<<<<

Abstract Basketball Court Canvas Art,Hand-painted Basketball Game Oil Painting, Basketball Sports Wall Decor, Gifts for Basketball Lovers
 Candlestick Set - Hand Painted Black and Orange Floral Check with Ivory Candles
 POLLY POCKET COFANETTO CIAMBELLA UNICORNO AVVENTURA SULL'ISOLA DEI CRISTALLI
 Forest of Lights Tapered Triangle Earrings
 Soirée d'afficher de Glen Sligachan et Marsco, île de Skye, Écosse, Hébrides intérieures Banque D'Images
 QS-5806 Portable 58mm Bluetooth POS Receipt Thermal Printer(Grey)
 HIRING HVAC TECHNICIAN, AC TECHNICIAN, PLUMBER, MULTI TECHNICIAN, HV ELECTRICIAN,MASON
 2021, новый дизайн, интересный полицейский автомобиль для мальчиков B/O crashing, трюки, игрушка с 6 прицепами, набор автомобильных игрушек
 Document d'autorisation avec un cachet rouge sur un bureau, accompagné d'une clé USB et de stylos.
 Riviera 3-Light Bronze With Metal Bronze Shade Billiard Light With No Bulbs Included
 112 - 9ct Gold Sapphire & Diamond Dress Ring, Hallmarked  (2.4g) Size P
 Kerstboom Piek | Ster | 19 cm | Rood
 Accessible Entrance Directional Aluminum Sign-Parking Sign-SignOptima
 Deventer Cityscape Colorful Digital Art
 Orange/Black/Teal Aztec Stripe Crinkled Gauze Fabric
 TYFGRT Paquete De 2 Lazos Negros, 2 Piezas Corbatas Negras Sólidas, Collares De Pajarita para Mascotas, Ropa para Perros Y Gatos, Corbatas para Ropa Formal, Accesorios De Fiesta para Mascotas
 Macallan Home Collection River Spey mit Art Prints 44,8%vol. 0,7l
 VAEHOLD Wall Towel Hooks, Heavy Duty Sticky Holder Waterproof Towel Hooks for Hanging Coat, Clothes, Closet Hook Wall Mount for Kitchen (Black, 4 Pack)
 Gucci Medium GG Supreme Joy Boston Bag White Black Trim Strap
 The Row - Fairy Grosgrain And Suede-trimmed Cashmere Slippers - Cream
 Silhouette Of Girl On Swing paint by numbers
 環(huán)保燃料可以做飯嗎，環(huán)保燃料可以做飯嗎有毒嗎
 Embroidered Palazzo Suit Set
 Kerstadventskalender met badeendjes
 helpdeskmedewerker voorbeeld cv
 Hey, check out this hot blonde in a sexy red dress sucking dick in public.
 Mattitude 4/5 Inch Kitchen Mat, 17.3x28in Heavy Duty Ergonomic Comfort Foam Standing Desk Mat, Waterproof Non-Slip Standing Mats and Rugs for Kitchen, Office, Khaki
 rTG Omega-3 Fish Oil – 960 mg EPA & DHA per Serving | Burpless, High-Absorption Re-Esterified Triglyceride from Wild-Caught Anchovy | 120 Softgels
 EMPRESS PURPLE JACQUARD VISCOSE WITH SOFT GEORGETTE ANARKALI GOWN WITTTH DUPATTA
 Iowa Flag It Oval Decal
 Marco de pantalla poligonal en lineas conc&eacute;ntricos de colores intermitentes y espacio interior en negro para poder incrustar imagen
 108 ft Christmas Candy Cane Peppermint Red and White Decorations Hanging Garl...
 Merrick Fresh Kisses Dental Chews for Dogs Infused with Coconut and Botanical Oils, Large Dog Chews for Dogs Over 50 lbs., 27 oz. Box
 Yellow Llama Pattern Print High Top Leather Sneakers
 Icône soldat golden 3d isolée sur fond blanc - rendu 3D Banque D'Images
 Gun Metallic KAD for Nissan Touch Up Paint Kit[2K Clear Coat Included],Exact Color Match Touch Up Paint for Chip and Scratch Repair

>>>>

=== The problem ===
The line containing "The Row - Fairy" and all lines after it, to the end of the records, are to be output exactly and alone.

=== Final answer ===
 The Row - Fairy Grosgrain And Suede-trimmed Cashmere Slippers - Cream
 Silhouette Of Girl On Swing paint by numbers
 環(huán)保燃料可以做飯嗎，環(huán)保燃料可以做飯嗎有毒嗎
 Embroidered Palazzo Suit Set
 Kerstadventskalender met badeendjes
 helpdeskmedewerker voorbeeld cv
 Hey, check out this hot blonde in a sexy red dress sucking dick in public.
 Mattitude 4/5 Inch Kitchen Mat, 17.3x28in Heavy Duty Ergonomic Comfort Foam Standing Desk Mat, Waterproof Non-Slip Standing Mats and Rugs for Kitchen, Office, Khaki
 rTG Omega-3 Fish Oil – 960 mg EPA & DHA per Serving | Burpless, High-Absorption Re-Esterified Triglyceride from Wild-Caught Anchovy | 120 Softgels
 EMPRESS PURPLE JACQUARD VISCOSE WITH SOFT GEORGETTE ANARKALI GOWN WITTTH DUPATTA
 Iowa Flag It Oval Decal
 Marco de pantalla poligonal en lineas conc&eacute;ntricos de colores intermitentes y espacio interior en negro para poder incrustar imagen
 108 ft Christmas Candy Cane Peppermint Red and White Decorations Hanging Garl...
 Merrick Fresh Kisses Dental Chews for Dogs Infused with Coconut and Botanical Oils, Large Dog Chews for Dogs Over 50 lbs., 27 oz. Box
 Yellow Llama Pattern Print High Top Leather Sneakers
 Icône soldat golden 3d isolée sur fond blanc - rendu 3D Banque D'Images
 Gun Metallic KAD for Nissan Touch Up Paint Kit[2K Clear Coat Included],Exact Color Match Touch Up Paint for Chip and Scratch Repair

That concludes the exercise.